By cutting out the middleman who re-package OSS solutions and sell them to the DoD, OSS foundations can fully realize the monetary investment currently indirectly being made to their technologies.
How to Get DoD Funding
Of course, even with this memo, there will be a lot of reticence within the DoD to award contracts to faceless OSS projects. Here is my guidance on how to make sure that your project has a chance of being considered for DoD funding.
- If you have a large project that is getting significant usage, incorporate a 501(c)(3) organization which will officially manage the project. Funding for the effort will live in this 501(c)(3) and will require proper governance structures. As a large project, you probably have some governance already in place. While the DoD strongly prefers companies to be U.S.-based for contracts, this is not an entirely excluding factor. If a slide deck is too much effort, at the least include a
FUNDING.mdin your project’s code base so more technically savvy PMs can build a justification using your own words.
- Create a minimal slide deck with your project’s core offering. With an overhead as low as 5-10 slides, this will capture what your project does, and how it can be applicable in broader settings. When reviewing capabilities, DoD PMs will better be able to conceptualize how your project fits into their program.
- Leverage agencies which wield the OTA and apply judiciously to their calls for proposals. Organizations like the Defense Innovation Unit regularly post solicitations for programs which have a strong software component, and a slide deck is all you need to be considered.
The Ethical Considerations of Working with the DoD
There is debate about our responsibility as software engineers when it comes to the ethical use of the software we create. Receiving DoD funding directly may raise flags when it comes to the development of your OSS project.
Pragmatically, however, the DoD is already using your software. In its current state, third-parties with no consideration for the proper use of your software are packaging it up and selling it with no say from the project maintainers. By directly accepting DoD funding and being a first-party provider of technology, you can ensure that the DoD is using your software in a fair and responsible manner.
With the DoD adopting principles and guidelines for the ethical use of complicated AI software toolchains, there is support internally to ensure that software is used responsibly. By participating in this process first-hand, you can help the DoD set a framework for similar technology uses in the future.
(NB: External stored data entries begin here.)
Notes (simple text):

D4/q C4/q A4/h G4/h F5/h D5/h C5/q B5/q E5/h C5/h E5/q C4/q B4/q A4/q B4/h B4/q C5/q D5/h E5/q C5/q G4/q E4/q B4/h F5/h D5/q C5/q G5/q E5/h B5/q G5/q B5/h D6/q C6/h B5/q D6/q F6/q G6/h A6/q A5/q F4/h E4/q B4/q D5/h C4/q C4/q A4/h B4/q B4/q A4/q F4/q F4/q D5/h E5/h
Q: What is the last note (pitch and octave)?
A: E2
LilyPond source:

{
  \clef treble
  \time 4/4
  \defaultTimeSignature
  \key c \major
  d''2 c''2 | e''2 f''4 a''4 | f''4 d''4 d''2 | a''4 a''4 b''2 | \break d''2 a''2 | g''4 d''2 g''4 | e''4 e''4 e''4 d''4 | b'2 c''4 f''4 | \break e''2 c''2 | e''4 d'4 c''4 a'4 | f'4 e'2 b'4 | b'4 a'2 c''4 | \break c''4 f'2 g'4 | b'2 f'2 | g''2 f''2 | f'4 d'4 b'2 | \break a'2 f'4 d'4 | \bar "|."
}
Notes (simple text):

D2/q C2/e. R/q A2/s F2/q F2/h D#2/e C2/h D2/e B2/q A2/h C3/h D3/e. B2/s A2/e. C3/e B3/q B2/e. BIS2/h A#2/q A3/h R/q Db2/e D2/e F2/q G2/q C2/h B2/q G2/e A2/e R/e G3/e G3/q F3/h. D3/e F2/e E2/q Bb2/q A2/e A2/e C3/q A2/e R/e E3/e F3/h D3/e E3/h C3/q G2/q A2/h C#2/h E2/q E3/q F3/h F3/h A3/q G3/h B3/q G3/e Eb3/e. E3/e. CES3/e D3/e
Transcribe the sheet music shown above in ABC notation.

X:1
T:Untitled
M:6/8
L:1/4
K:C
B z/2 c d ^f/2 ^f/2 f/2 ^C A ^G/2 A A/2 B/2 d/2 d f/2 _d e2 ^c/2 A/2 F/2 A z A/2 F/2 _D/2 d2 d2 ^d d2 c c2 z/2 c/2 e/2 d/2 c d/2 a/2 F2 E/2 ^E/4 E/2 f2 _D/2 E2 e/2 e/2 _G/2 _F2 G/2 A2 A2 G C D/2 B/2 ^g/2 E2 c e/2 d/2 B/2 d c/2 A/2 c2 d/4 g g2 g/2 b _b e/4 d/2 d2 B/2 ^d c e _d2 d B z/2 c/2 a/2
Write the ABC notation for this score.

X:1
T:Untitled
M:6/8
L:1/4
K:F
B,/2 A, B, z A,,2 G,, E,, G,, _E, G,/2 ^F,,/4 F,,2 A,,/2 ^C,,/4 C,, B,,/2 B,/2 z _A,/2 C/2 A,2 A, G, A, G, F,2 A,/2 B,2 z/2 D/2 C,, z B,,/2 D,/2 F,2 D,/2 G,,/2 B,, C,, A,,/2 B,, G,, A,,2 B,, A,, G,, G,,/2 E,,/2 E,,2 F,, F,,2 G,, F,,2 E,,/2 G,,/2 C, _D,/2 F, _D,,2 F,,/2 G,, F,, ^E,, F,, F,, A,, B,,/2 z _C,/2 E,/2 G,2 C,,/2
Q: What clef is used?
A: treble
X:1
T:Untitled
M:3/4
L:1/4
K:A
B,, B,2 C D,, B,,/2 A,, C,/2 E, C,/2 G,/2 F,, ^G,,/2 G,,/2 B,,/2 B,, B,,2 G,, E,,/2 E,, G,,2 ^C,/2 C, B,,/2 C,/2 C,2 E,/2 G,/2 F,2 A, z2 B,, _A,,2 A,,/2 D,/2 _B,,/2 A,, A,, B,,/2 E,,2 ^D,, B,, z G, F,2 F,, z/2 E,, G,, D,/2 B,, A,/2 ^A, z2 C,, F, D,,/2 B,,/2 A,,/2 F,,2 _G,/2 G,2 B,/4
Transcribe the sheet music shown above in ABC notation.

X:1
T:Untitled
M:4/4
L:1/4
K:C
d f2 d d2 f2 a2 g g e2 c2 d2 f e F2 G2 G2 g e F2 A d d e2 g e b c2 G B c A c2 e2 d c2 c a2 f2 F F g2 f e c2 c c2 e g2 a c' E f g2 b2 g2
This memo is extremely young and actual implementation of this memo remains yet to be seen. However, the future of OSS within the DoD is bright, and maximizing this wave to benefit the community at large is in the interest of everyone who depends on OSS around the world.
Edit: There is discussion about this post on Hacker News. I encourage people to engage; there are many things I have not thought about that could go a long way into creating a framework for DoD funding of OSS projects.